*WHAT YOU ARE ASKED TO DO*
Output only the lines below that start at the line containing "喝灵芝孢子粉后身体发痒？你可能不知道的事实" and end at the line containing "Functional Fillers: Chemical", with both ends kept.

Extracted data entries
§

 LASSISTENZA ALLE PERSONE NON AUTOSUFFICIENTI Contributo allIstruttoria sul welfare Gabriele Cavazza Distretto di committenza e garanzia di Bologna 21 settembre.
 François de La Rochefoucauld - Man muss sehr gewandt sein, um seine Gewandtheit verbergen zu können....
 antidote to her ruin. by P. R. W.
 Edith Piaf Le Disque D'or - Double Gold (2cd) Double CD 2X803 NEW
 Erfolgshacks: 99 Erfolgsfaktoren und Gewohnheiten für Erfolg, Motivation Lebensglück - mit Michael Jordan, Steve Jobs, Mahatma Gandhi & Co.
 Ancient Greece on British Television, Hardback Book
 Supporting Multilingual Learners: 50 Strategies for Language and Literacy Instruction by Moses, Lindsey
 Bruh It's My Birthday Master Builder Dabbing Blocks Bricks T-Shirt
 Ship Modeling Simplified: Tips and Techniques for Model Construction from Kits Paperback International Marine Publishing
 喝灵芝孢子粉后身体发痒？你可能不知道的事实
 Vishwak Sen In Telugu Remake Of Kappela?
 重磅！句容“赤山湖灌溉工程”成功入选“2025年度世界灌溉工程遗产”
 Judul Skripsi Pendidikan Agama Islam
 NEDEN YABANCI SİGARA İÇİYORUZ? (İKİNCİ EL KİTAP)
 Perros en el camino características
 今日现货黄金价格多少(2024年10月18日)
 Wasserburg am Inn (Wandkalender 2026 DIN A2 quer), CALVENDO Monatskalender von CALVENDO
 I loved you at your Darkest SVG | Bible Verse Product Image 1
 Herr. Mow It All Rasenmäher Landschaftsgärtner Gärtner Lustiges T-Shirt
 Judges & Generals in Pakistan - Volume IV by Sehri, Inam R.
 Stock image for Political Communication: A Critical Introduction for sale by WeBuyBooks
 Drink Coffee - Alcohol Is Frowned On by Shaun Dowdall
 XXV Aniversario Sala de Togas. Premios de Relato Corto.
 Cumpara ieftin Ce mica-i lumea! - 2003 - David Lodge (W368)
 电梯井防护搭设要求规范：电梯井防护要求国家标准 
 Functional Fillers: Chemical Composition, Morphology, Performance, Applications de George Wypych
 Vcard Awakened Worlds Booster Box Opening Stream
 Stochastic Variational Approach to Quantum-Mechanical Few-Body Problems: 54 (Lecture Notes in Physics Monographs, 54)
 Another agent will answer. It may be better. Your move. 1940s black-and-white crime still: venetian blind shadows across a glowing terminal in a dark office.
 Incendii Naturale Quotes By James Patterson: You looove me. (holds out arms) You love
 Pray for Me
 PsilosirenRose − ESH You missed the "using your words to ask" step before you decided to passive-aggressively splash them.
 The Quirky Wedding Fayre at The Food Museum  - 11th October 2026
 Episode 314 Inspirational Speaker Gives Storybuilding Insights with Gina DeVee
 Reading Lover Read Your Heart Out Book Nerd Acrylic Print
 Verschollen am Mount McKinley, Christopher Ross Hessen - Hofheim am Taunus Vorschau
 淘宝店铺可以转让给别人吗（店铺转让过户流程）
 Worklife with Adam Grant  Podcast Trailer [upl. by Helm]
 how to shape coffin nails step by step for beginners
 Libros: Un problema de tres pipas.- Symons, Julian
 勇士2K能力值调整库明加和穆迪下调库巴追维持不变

§

*RESPONSE TO THE TASK*
 喝灵芝孢子粉后身体发痒？你可能不知道的事实
 Vishwak Sen In Telugu Remake Of Kappela?
 重磅！句容“赤山湖灌溉工程”成功入选“2025年度世界灌溉工程遗产”
 Judul Skripsi Pendidikan Agama Islam
 NEDEN YABANCI SİGARA İÇİYORUZ? (İKİNCİ EL KİTAP)
 Perros en el camino características
 今日现货黄金价格多少(2024年10月18日)
 Wasserburg am Inn (Wandkalender 2026 DIN A2 quer), CALVENDO Monatskalender von CALVENDO
 I loved you at your Darkest SVG | Bible Verse Product Image 1
 Herr. Mow It All Rasenmäher Landschaftsgärtner Gärtner Lustiges T-Shirt
 Judges & Generals in Pakistan - Volume IV by Sehri, Inam R.
 Stock image for Political Communication: A Critical Introduction for sale by WeBuyBooks
 Drink Coffee - Alcohol Is Frowned On by Shaun Dowdall
 XXV Aniversario Sala de Togas. Premios de Relato Corto.
 Cumpara ieftin Ce mica-i lumea! - 2003 - David Lodge (W368)
 电梯井防护搭设要求规范：电梯井防护要求国家标准 
 Functional Fillers: Chemical Composition, Morphology, Performance, Applications de George Wypych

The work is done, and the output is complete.